[Start of Attachment]

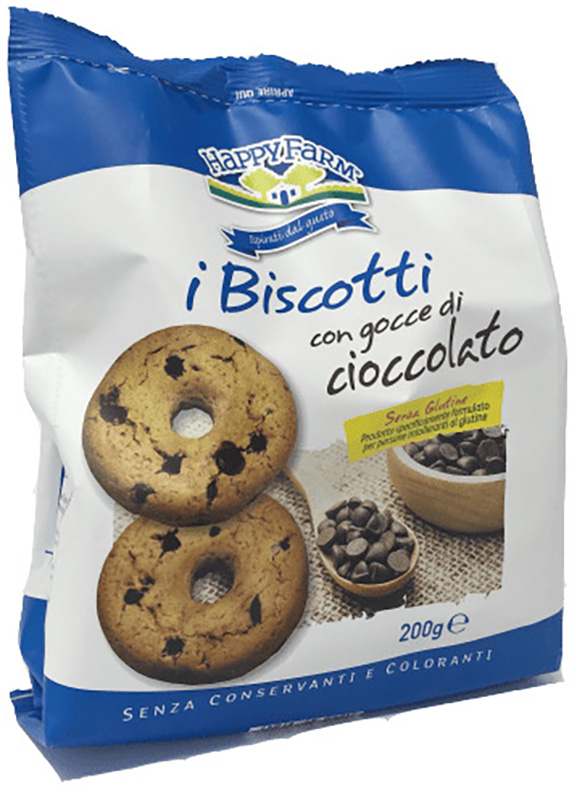 HAPPY FARM BISCOTTI GOCCE CIOCCOLATO 200 G - Farmacia Rossi2 - Farmacia Rossi 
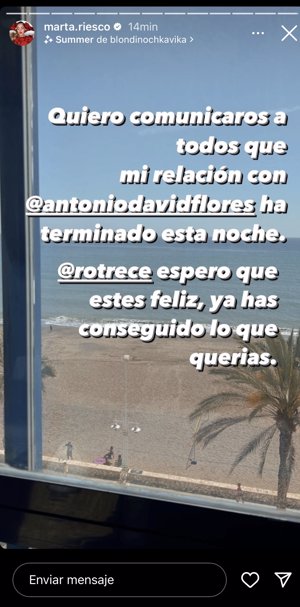 Marta Riesco ha anunciado su ruptura con Antonio David Flore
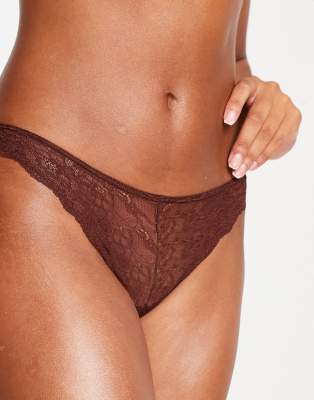 Monki lace briefs in dark brown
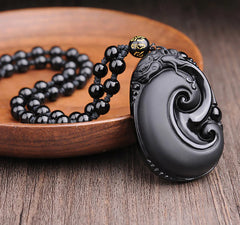 Natural Black Obsidian PiXiu Oval Pattern Necklace Pendant
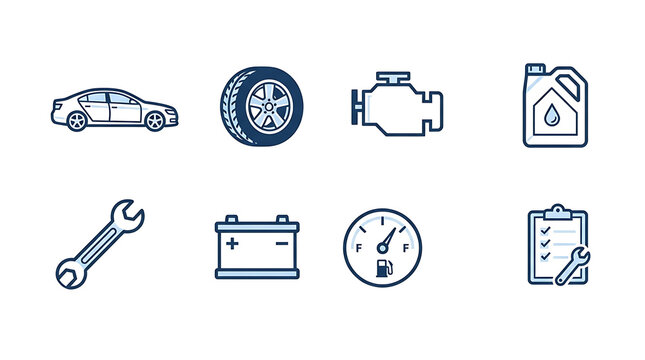 Car maintenance icons isolated on transparent background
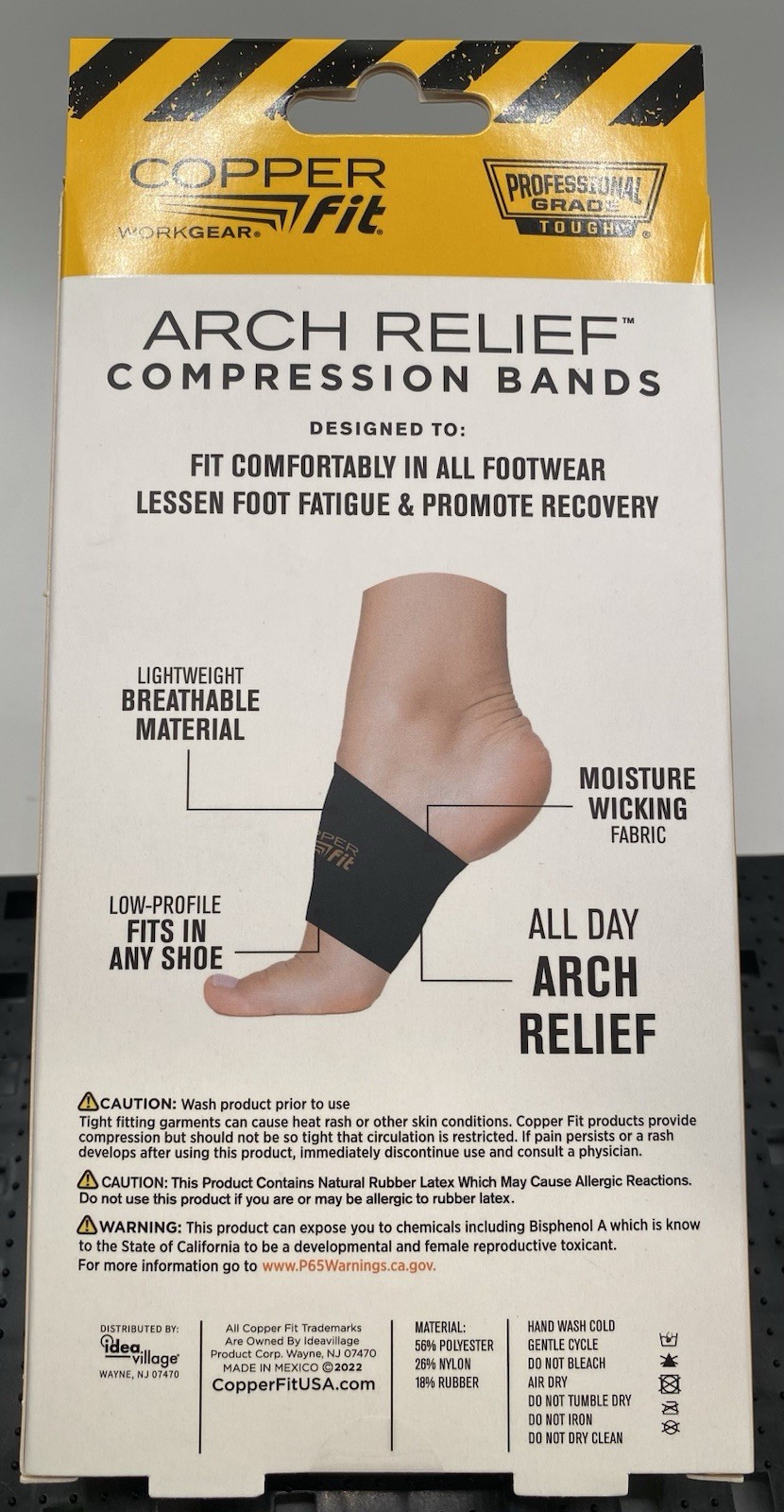 Copper Fit Arch Relief Compression Bands, Professional Grade Plantar Fascitis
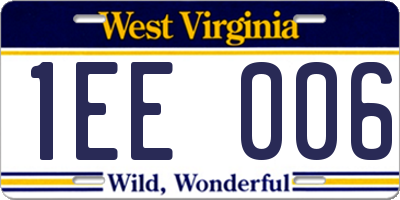 WV license plate 1EE006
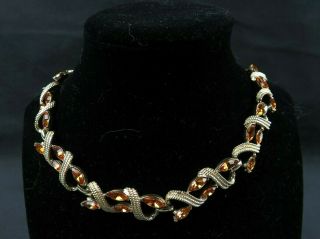Vintage CORO Gold Tone,  Amber Color Rhinestone Necklace Bracelet Earring Set 2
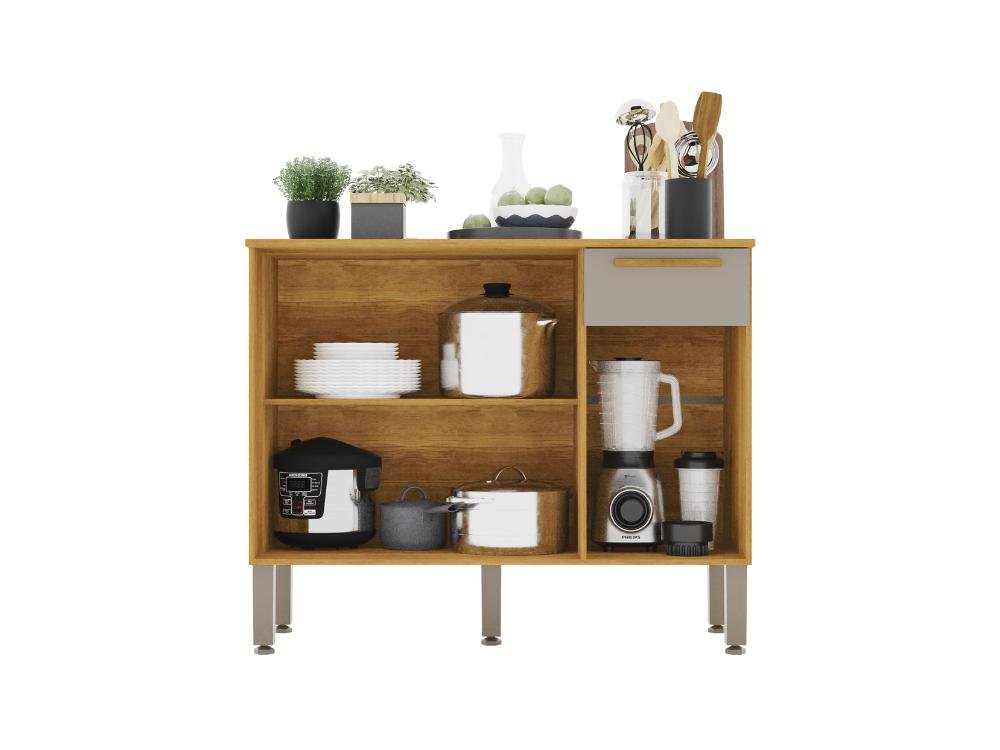 Balcão de Cozinha Madri 1,05m - Cinamomo/Off White - Imagem 2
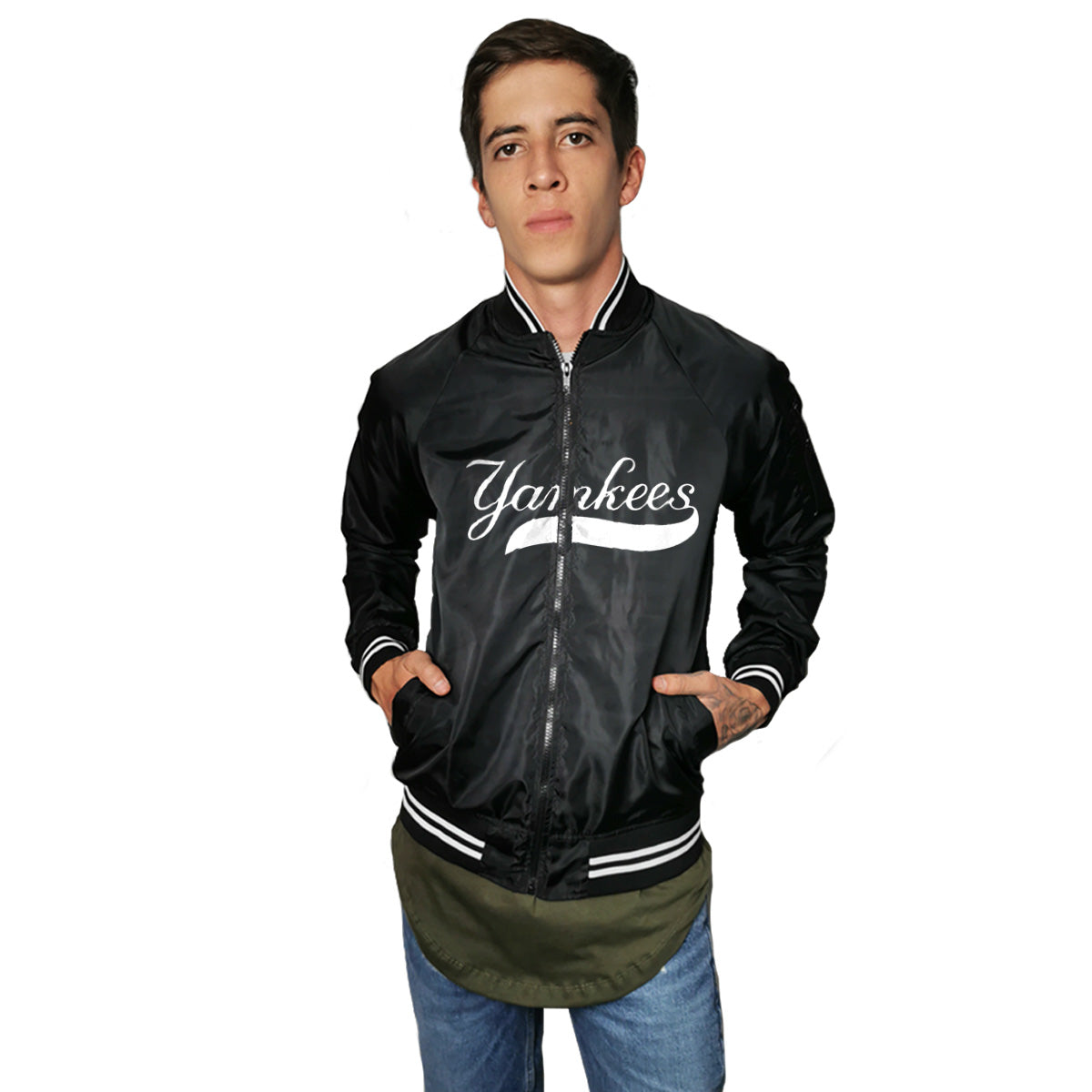 chamarra negra bomber jacket personalizable yankees ny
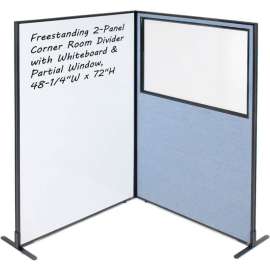 Interion 2-Panel Corner Room Divider with Whiteboard & Partial Window, 48-1/4"W x 72"H, Blue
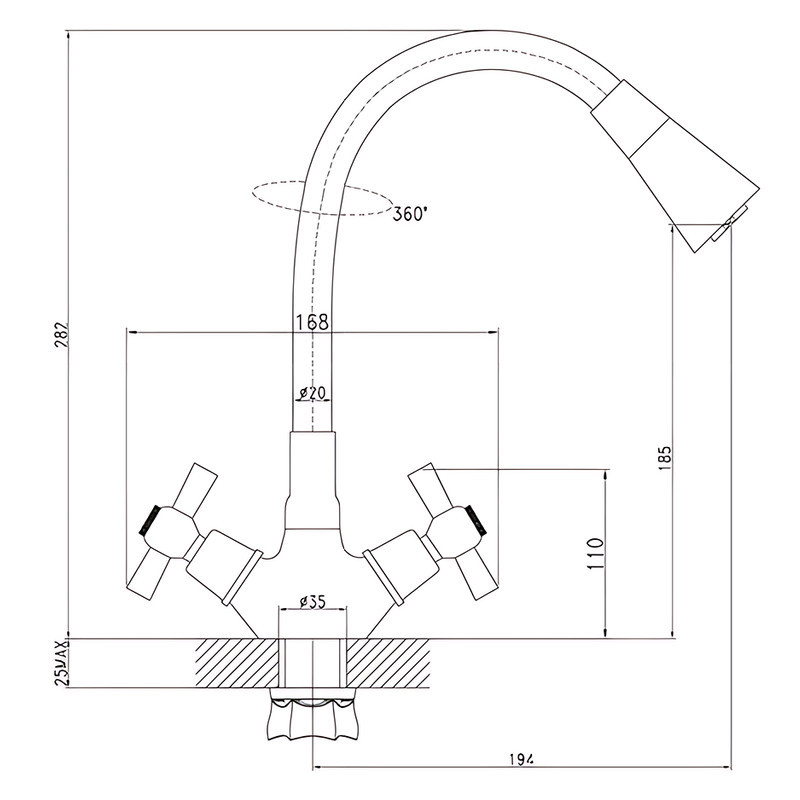 Кухонный смеситель с черным силиконовым изливом Zerix TLT 722 Reflector Black ZX598 Харьков - изображение 2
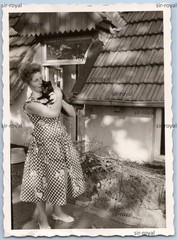 Woman with Black Cat in Her Arm – 1960s – Oldenburg? Photo 7x10cm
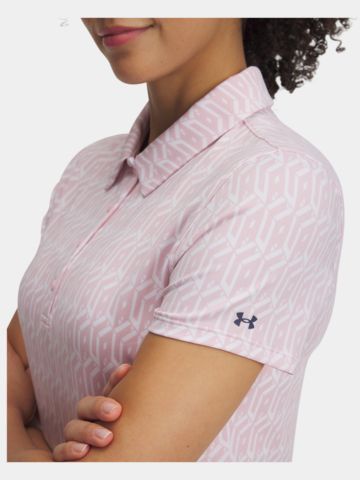Under Armour UA Playoff 3.0 Printed Halbarm Polo rosa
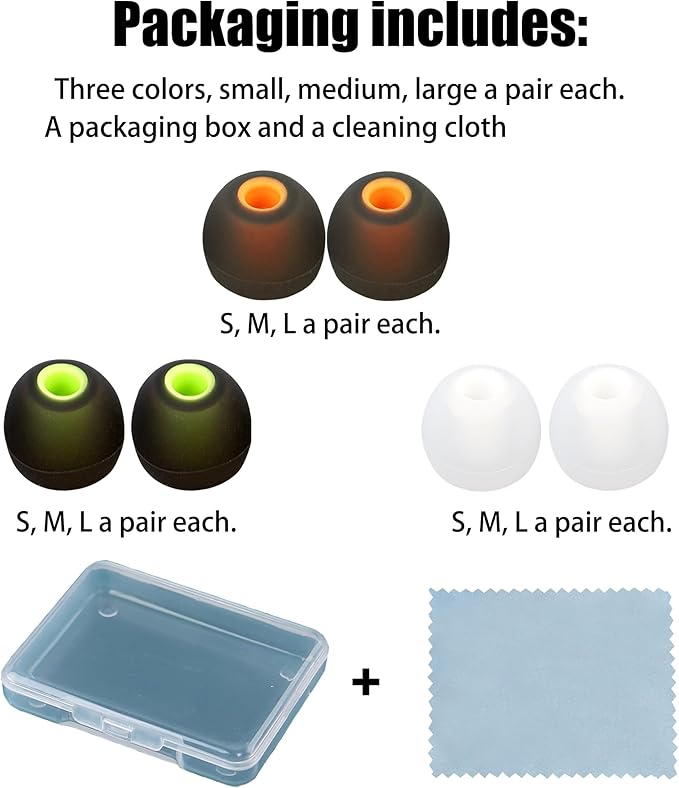 Silicone Earbud Tips Replacement - Fit Most In-Ear Earbuds (Inner Hole 3.8mm - 5.1mm) - 9 Pairs S M L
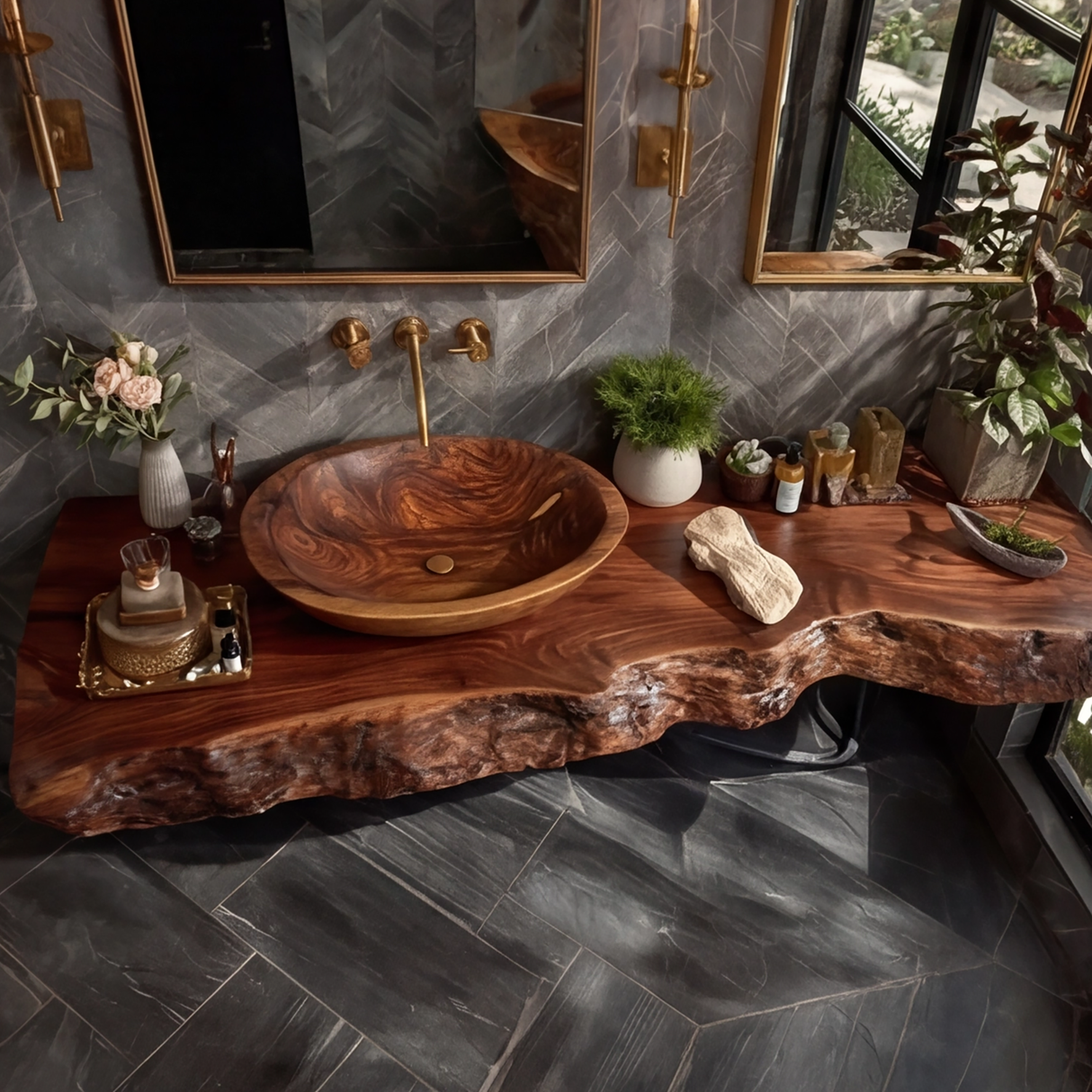 Orvyn Live Edge Solid Wood Floating Bathroom Vanity SPA524639 - Timberustic Floating Bathroom Vanity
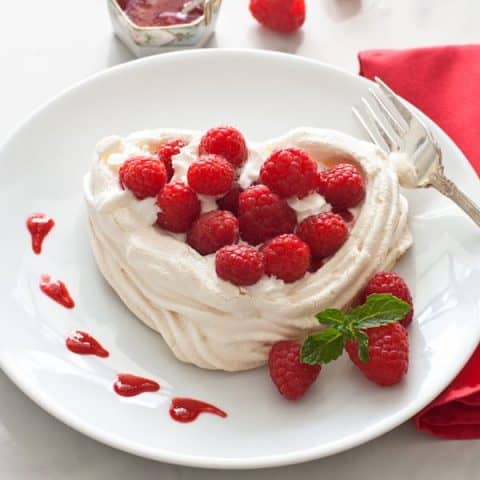 Image for Meringue Hearts With Whipped Cream And Raspberries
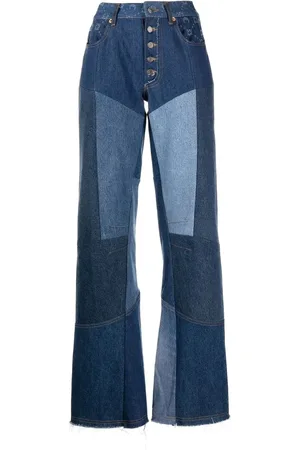 Marine Serre Pantalones de mezclilla anchos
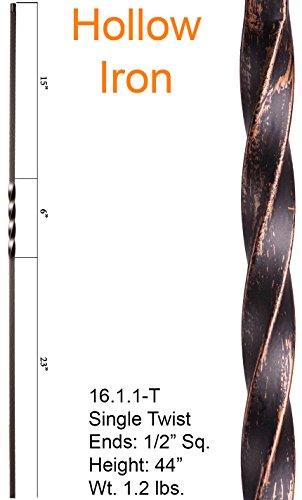 Oil Rubbed Bronze 16.1.1-T Hollow Single Twist Iron Baluster for Staircase Remodel , Box of 5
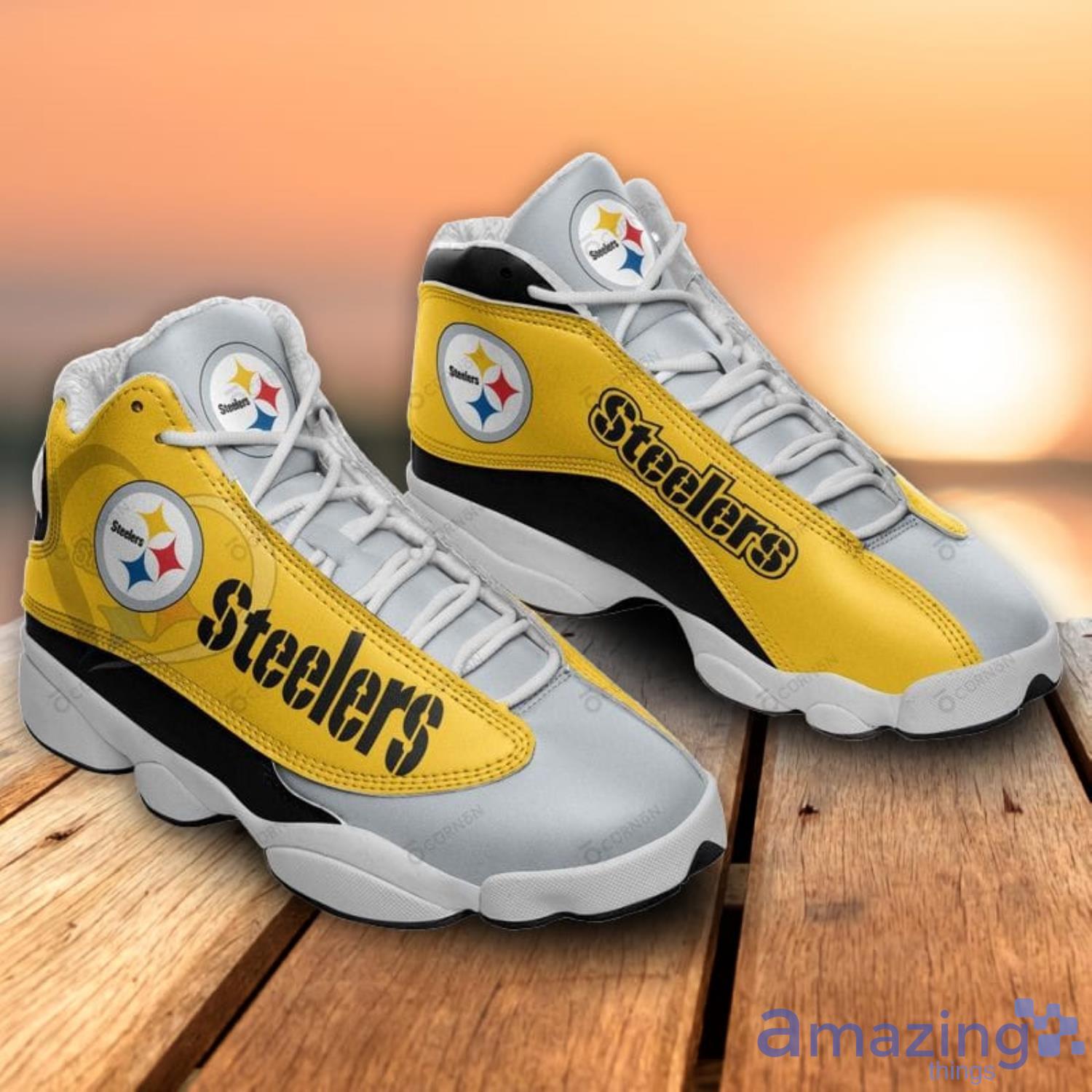 Pittsburgh Steelers White Air Jordan 13 Sneakers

[End of Attachment]

What the answer needs is every line from the one with "Woman with Black" through the last line of the data, reproduced word for word and with pictures omitted.

 Woman with Black Cat in Her Arm – 1960s – Oldenburg? Photo 7x10cm
Under Armour UA Playoff 3.0 Printed Halbarm Polo rosa
 Silicone Earbud Tips Replacement - Fit Most In-Ear Earbuds (Inner Hole 3.8mm - 5.1mm) - 9 Pairs S M L
 Orvyn Live Edge Solid Wood Floating Bathroom Vanity SPA524639 - Timberustic Floating Bathroom Vanity
 Image for Meringue Hearts With Whipped Cream And Raspberries
 Marine Serre Pantalones de mezclilla anchos
 Oil Rubbed Bronze 16.1.1-T Hollow Single Twist Iron Baluster for Staircase Remodel , Box of 5
 Pittsburgh Steelers White Air Jordan 13 Sneakers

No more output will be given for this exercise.